I John 3:9 Whosoever is born of God doth not commit sin; for his seed remaineth in him: and he cannot sin, because he is born of God.


There is no such thing as sinless Christian

Anonymous            April 7, 2019, 12:28 a.m.

To Anonymous April 7, 2019,
"There is no such thing as sinless Christian."
That is to our shame. It is possible, as the article has very well stated. Every soul, but Christ, has been born with sin. That is not a choice! Christ has paid for our sins and now we have His righteousness. Now we have an option to not sin. Read the article, the verses are given that can give us all the victory over sin. It does not make us God, it makes us Holy as He is holy! God bless and stop making excusses for sin!

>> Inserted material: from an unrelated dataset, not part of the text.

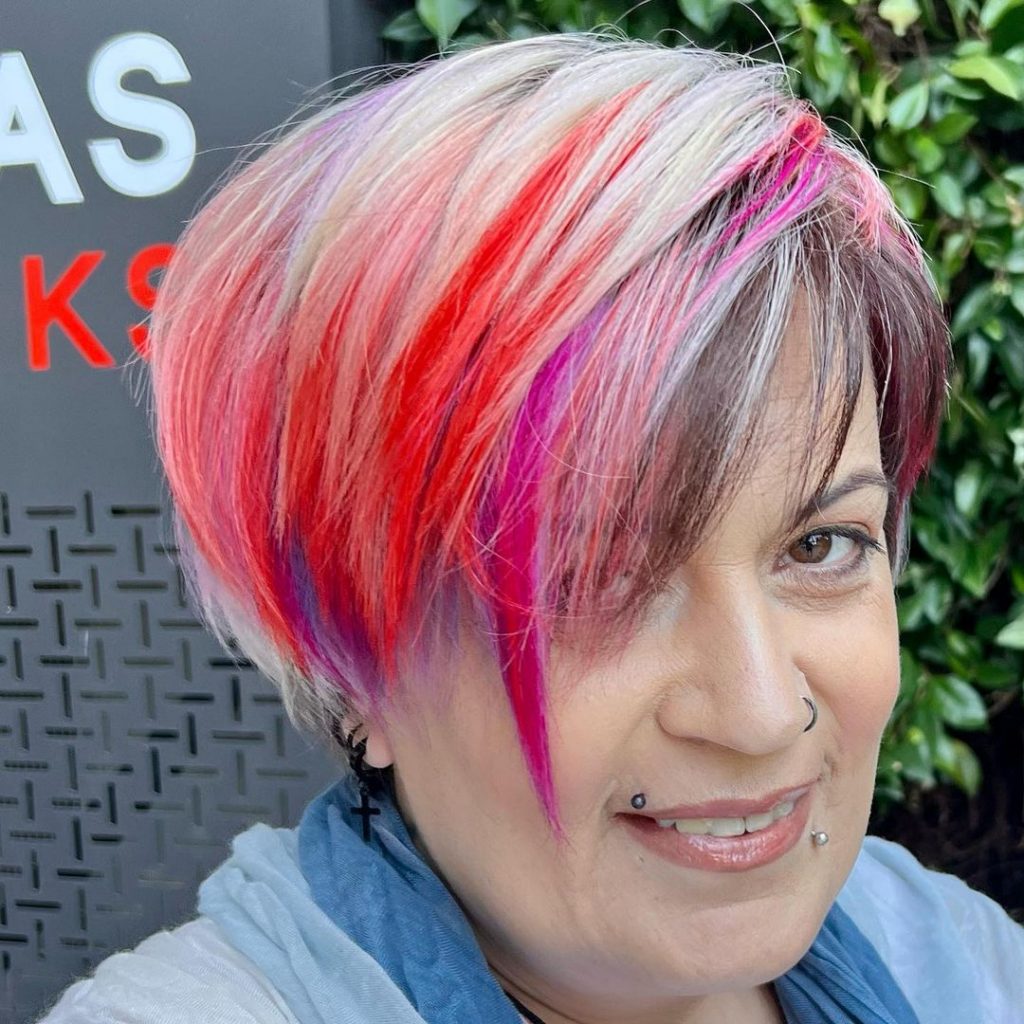 rainbow colored short haircut for women over 50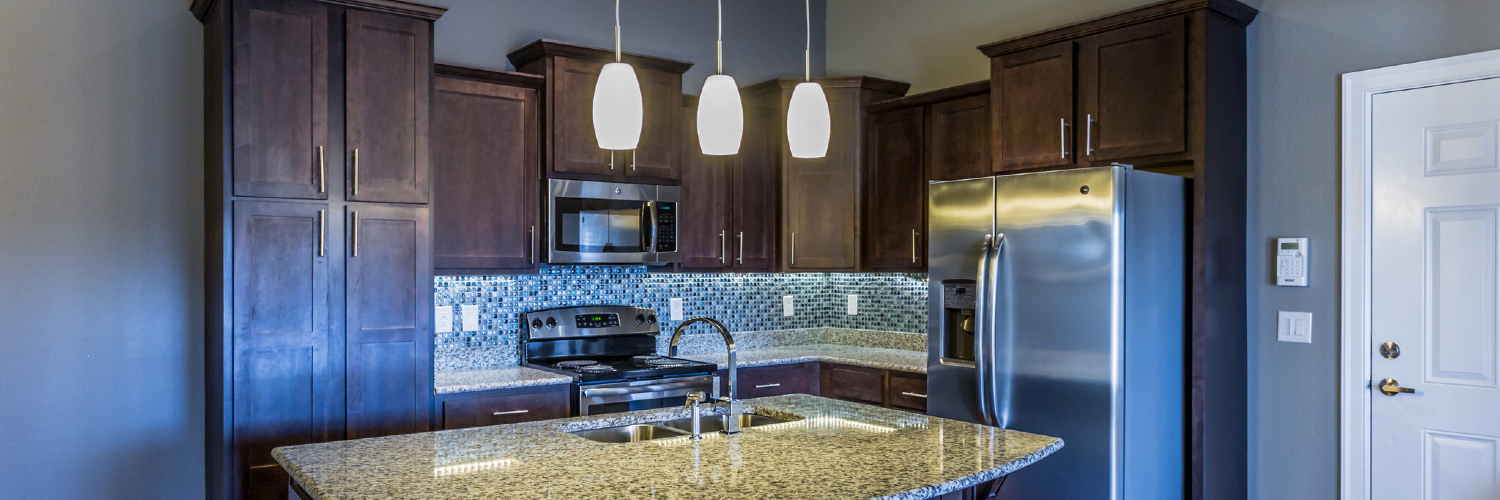 Photo of an empty kitchen with stainless-steel appliances, granite counter tops, custom dark wood cabinetry, and a blue glass backsplash. It's such a luxurious kitchen for a one-bedroom apartment in Little Rock.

Mac            April 7, 2019, 1:30 a.m.

What it is to "walk in the light" is explained by 1Jn_1:8-10. "All things.. .are made manifest by the light" Eph_5:13 The presence of God brings the consciousness of sin in the nature 1Jn_1:8 and sins in the life 1Jn_1:9; 1Jn_1:10. The blood of Christ is the divine provision for both. To walk in the light is to live in fellowship with the Father and the Son. Sin interrupts, but confession restores that fellowship. Immediate confession keeps the fellowship unbroken.

Anonymous            April 7, 2019, 2:05 a.m.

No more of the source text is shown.